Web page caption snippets
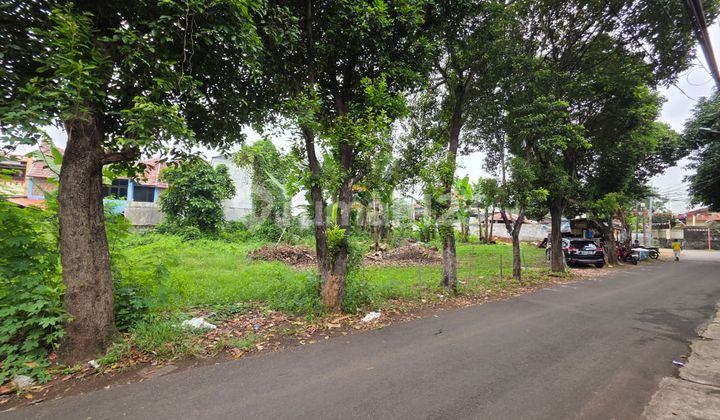 Jarang Ada! Tanah Luas 1425 m² Cocok untuk Dibangun Cluster atau Investasi Lokasi Strategis di Ulujami, Jakarta Selatan Jarang Ada! Tanah Luas 1425 m² Cocok untuk Dibangun Cluster atau Investasi Lokasi Strategis di Ulujami, Jakarta Selatan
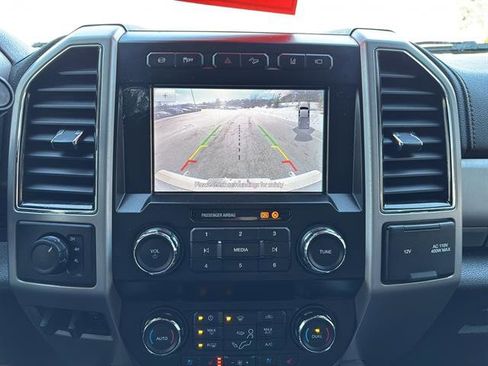 Certified 2020 Ford F350 Lariat w/ Lariat Value Package image 22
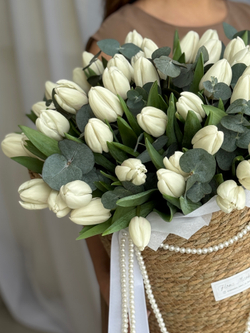 Охапка белых тюльпанов и благородный эвкалипт в стильной корзине от Флора Маркет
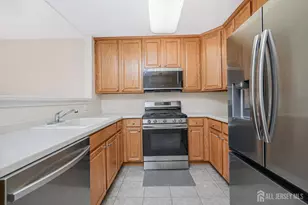 [Address not provided], Middlesex County, NJ 08861 - Photo 8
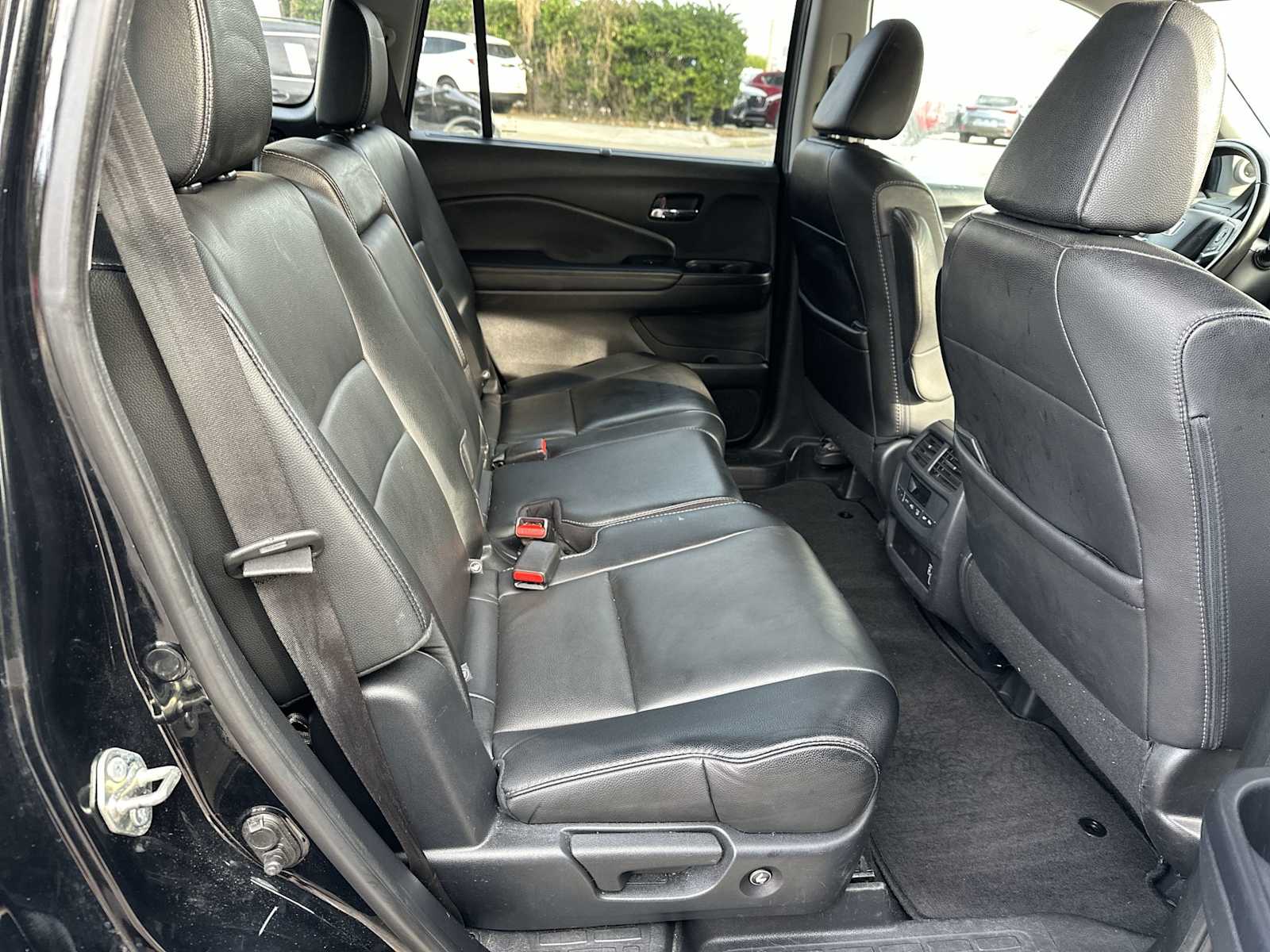 Thumbnail: 2020 Honda Pilot - 18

# TRY IT
When you reach the line containing "Certified 2020 Ford" in the entries above, please retype it and each line after it through the last one, exactly, without the pictures.

# RESPONSE
 Certified 2020 Ford F350 Lariat w/ Lariat Value Package image 22
 Охапка белых тюльпанов и благородный эвкалипт в стильной корзине от Флора Маркет
 [Address not provided], Middlesex County, NJ 08861 - Photo 8
 Thumbnail: 2020 Honda Pilot - 18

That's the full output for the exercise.